Me espantan los talibanes, mal llamados católicos. Y por desgracia, haylos. Del mismo modo me inquietan los católicos que construyen una moral a su gusto, aunque no se atrevan a inventar nuevos dogmas. También los hay, por desgracia.
De los dos grupos, me quedo sin ninguno. Pero me gustaría explicotearme un poco. Antiguamente existían en abundancia los talibanes, mal llamados católicos. Eran sucesores de la santa inquisición: denunciaban ante la Iglesia cualquier asunto que no les gustaba: a un cura porque se bañaba él solito en el río, aun en sitios ocultos; a una hija de María porque bailaba; a un famoso predicador porque lo vio una noche de invierno cruzar una calle de ciudad con una boina calada, por si podría venir de una casa pública. No dejaban vivir a nadie. Ellos habían de ser la policía secreta de la religión. Se hallan en todas las confesiones religiosas; no solo entre los islamistas.
Y también hoy existen estos modernos talibanes, mal llamados católicos: insultan a los obispos porque no actúan conforme a las propias convicciones del acusador; cubrirían de excrementos la cabeza de los gays; no son partidarios de la pena de muerte, a no ser que sea por Jesucristo. Y podríamos colocar un largo etc. Lamentan todos estos que los jerarcas no estén continuamente suspendiendo a divinis a ciertos curas; o que continúe la Iglesia concediendo dispensas de celibato; o que se produzcan tantas declaraciones de nulidad, a lo que denominan “divorcio por la Iglesia”.
También quedan – aunque cada vez menos – algunos talibanes, mal llamados católicos, dentro de la jerarquía eclesial. Entre esos pocos están quienes ellos mismos construyen la moral para amedrentar a los fieles sencillos. Ya lo hemos explicado en distintas ocasiones. Existieron varios en anteriores décadas; hoy los hay aunque en menor número y de manera más disimulada.
Todos estos meten el corazón en un puño a los más débiles, o pusilánimes, o escrupulosos, o insuficientemente formados.
¿Y qué diremos del grupo contrario? Los que hacen de su capa un sayo y construyen la moral a su antojo. Se denominan creyentes, pero van a Misa media docena de veces al año, incluidos los funerales. Comulgan las pocas veces que acuden a la Eucaristía sin previamente confesarse, aunque estén cohabitando con su posible futura esposa o esposo.
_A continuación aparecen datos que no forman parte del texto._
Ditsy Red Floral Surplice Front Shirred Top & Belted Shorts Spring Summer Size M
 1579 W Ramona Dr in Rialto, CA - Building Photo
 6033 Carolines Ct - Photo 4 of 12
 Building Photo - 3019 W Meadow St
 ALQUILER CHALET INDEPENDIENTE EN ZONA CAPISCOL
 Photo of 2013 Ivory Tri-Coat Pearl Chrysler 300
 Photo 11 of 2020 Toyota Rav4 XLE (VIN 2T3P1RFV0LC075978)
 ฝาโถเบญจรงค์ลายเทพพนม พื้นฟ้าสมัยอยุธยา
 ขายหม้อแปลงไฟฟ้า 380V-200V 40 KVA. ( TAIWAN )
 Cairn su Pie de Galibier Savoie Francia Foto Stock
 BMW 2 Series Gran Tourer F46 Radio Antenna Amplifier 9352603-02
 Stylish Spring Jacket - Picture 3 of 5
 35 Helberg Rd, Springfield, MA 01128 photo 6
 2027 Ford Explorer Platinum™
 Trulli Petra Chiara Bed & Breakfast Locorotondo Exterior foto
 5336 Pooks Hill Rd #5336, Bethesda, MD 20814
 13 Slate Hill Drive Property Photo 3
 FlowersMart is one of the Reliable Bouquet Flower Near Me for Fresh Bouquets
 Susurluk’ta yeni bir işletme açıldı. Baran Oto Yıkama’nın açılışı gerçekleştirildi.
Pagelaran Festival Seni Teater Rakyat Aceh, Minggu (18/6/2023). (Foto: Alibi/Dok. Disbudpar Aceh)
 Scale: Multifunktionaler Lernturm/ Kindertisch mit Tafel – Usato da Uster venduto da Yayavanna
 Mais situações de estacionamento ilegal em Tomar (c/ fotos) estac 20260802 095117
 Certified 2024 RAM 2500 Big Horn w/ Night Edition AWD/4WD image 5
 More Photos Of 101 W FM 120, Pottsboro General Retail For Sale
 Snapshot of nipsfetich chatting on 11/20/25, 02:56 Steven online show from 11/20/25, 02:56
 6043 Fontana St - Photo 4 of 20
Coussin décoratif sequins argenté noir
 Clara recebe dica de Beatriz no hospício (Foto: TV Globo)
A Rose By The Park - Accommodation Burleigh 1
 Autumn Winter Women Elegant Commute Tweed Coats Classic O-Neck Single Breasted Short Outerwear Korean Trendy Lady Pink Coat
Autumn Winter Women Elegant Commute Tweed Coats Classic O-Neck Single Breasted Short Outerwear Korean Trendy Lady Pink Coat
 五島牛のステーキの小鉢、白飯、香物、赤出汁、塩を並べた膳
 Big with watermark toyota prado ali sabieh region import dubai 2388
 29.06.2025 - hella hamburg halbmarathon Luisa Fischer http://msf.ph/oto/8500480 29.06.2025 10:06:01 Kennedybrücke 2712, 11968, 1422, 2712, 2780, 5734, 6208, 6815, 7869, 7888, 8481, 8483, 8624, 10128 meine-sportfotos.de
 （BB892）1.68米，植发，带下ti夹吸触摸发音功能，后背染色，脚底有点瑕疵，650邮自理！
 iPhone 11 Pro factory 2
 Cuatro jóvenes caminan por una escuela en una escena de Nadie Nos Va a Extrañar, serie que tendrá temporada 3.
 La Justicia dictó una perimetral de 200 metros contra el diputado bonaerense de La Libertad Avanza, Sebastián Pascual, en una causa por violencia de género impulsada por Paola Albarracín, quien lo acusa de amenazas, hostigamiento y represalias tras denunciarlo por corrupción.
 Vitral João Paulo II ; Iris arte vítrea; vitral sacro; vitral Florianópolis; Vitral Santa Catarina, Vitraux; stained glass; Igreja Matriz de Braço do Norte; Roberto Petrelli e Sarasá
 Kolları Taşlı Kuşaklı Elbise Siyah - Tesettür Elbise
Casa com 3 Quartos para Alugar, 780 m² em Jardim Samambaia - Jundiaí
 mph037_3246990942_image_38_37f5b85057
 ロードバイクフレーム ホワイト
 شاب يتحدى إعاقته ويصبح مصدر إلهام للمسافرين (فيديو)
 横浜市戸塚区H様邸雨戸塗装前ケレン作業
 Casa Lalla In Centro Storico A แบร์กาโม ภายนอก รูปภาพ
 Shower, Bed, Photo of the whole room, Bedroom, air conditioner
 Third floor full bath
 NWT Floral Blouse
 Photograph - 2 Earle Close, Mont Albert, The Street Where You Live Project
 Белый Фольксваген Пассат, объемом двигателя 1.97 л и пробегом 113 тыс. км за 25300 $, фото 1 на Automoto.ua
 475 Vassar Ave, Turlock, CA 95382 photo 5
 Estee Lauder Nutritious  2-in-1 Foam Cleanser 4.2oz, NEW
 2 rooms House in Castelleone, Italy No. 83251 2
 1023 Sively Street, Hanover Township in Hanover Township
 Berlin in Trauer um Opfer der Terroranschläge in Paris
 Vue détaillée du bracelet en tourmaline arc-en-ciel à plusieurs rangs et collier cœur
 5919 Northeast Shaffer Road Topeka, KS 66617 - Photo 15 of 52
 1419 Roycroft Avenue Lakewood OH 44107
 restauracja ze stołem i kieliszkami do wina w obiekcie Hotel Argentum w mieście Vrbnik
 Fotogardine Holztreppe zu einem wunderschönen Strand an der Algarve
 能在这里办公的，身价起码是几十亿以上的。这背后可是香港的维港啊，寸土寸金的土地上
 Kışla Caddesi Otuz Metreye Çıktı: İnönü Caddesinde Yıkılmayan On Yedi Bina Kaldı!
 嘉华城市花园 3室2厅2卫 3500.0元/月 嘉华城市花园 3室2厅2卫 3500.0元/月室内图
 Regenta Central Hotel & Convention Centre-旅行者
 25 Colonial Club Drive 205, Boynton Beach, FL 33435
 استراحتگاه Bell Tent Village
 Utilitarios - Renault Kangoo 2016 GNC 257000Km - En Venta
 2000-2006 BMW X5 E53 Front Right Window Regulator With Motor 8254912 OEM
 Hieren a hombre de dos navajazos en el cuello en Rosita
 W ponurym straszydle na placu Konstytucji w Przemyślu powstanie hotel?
Defraudan todo lo posible a la hacienda pública, porque – dicen – “más roban ellos”. Tratan con dureza y desprecio a sus empleados, porque ¿para qué darles más, si no saben gastar su dinero? Eso sí: hablan mal de la jerarquía de la Iglesia, y llegan a acomodar la moral con sus caprichos propios; van construyendo una religión a su antojo. Y podríamos poner otros muchos ejemplos. Cada uno puede inventarlos o recordarlos; no es difícil.
¿Qué pensar de ellos? No son testimonio de nada; son comodones; gustan de vivir con una vela puesta a Dios y otra al diablo. Y lo duro es que cada vez existe mayor número de estas personas, libertarias de conciencia o con conciencia deformada; se pueden considerar como esperpentos religiosos. Los no creyentes, les llaman hipócritas, porque viven sin las normas morales de la Iglesia pero siguen llamándose Iglesia.
Yo pienso que es conveniente tratarlos con amor y misericordia; porque tienen fe. Dialogar con ellos y hacerles ver que están regando fuera de tiesto. Pienso que son personas de buena voluntad pero mal formadas. No me producen grima ni indignación como los talibanes, pero les vendría bien practicar unos Ejercicios Espirituales o unos Cursillos de Cristiandad. Dejar de una vez ese comportamiento laxo y convertirse de verdad a Jesucristo. Pienso que pueden convertirse más fácilmente que los talibanes, mal llamados católicos.